Vendasta Makes ‘MSP of the Year’ and ‘CIX Top 10 Growth Companies’ Lists
The Canadian solutions provider talks lists, plans and pitfalls, and the company’s evolution and goals for the future.
September 13, 2019
Vendasta has been busy lately. The digital solutions provider has two reasons to celebrate, having been named as a runner-up in the competitive ranking for Channel Futures’ 2019 Managed Service Provider (MSP) of the Year, and among the CIX Top 10 Growth companies, an impressive list reserved for the most promising growth stage companies in Canada, both in the span of two weeks.
The MSP of the Year award was announced at the MSP 501 Awards Gala Tuesday evening as part of Channel Partners Evolution in Washington, D.C. The event honors the 501 top MSPs as determined by Channel Futures.
Vendasta’s Brendan King
The Canadian Innovation Exchange (CIX) delivered its “Top 20 Early” and “Top 10 Growth” lists on BNN Bloomberg last week.

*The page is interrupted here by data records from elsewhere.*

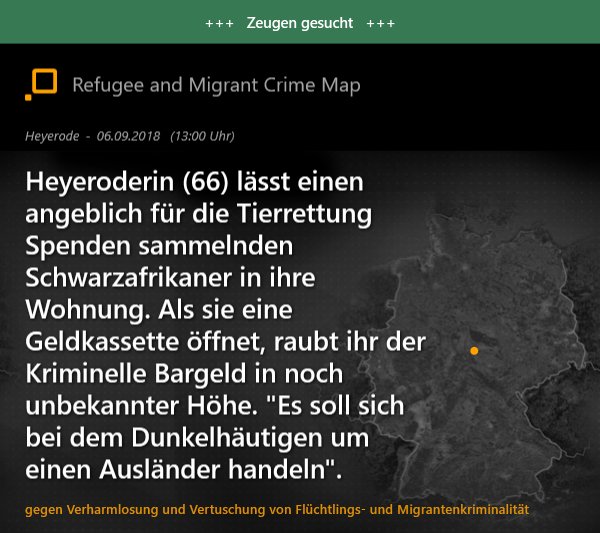 RefugeeCrimeMap's tweet photo. Flüchtlingskriminalität | #Heyerode #Blaulicht #Polizei #Schauhin #Kriminalität #Zeugen https://t.co/R04yO7Xq2M https://t.co/k3njCTRPts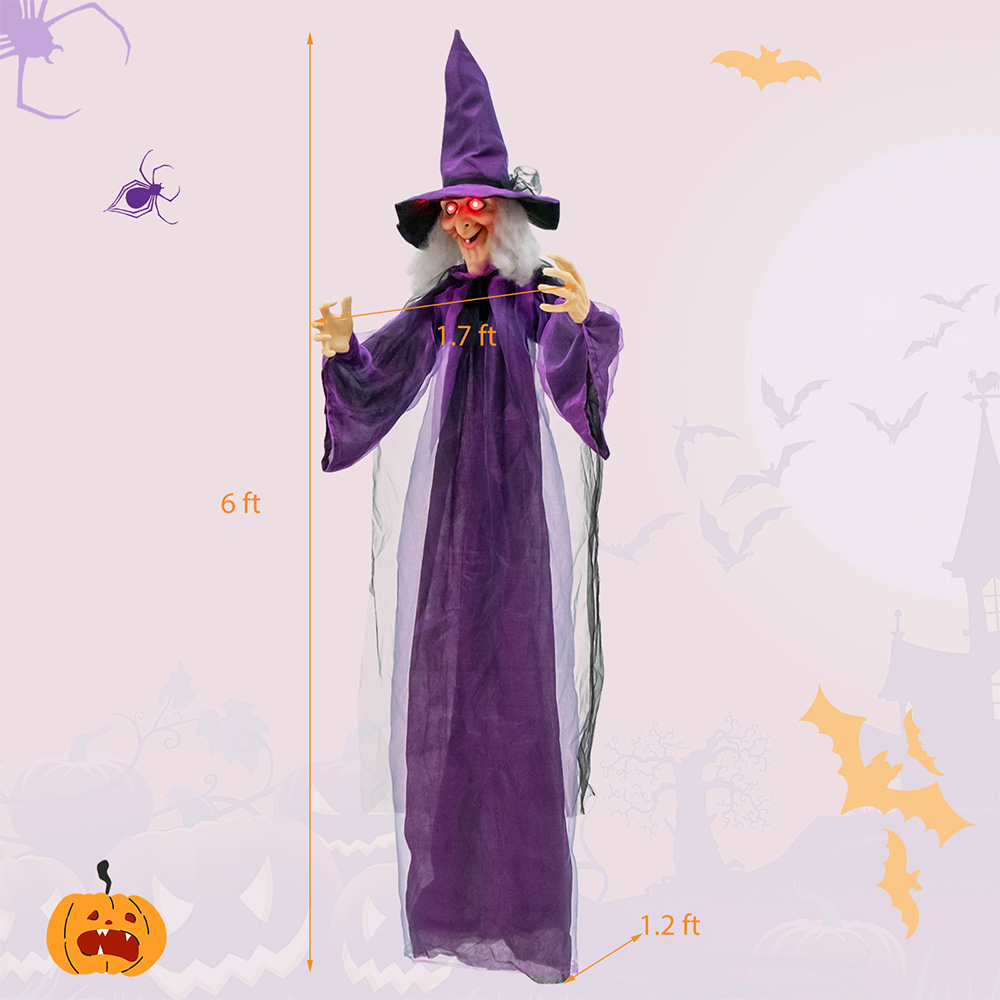 Hanging Halloween Decoration With Pre-Recorded Phrases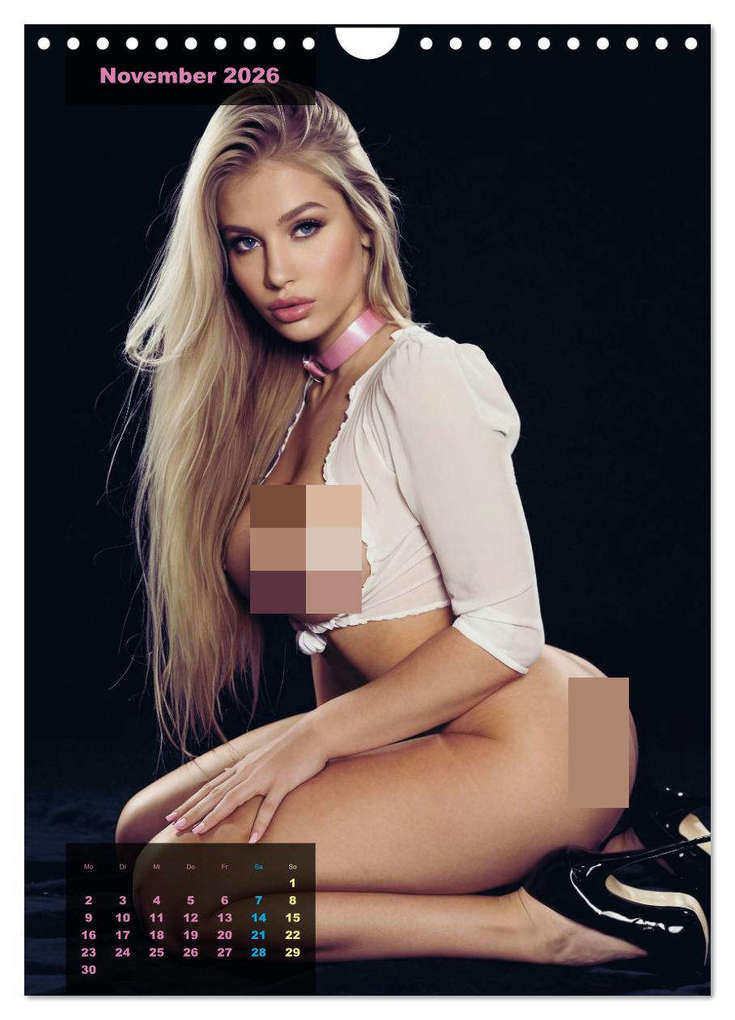 Weitere Ansicht: Blonde Girls typisch pink (Wandkalender 2026 DIN A4 hoch), CALVENDO Monatskalender | Mimi Lyvia, Calvendo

Companies are chosen by a selection committee of technology industry experts and investors from across Canada.
“It’s exciting to see the emphasis on ‘scaling’ companies’, says Vendasta CEO Brendan King. “Very few Canadian technology companies are reaching that stage. There is a lot of support for startups, but not a lot for those who get past that checkpoint in their success. It’s great to see CIX recognizing companies that are reaching this milestone.”
We sat down with King to talk about Vendasta’s plans and pitfalls, the company’s evolution and goals for the future.
Channel Futures: How have you evolved since your first years of operation?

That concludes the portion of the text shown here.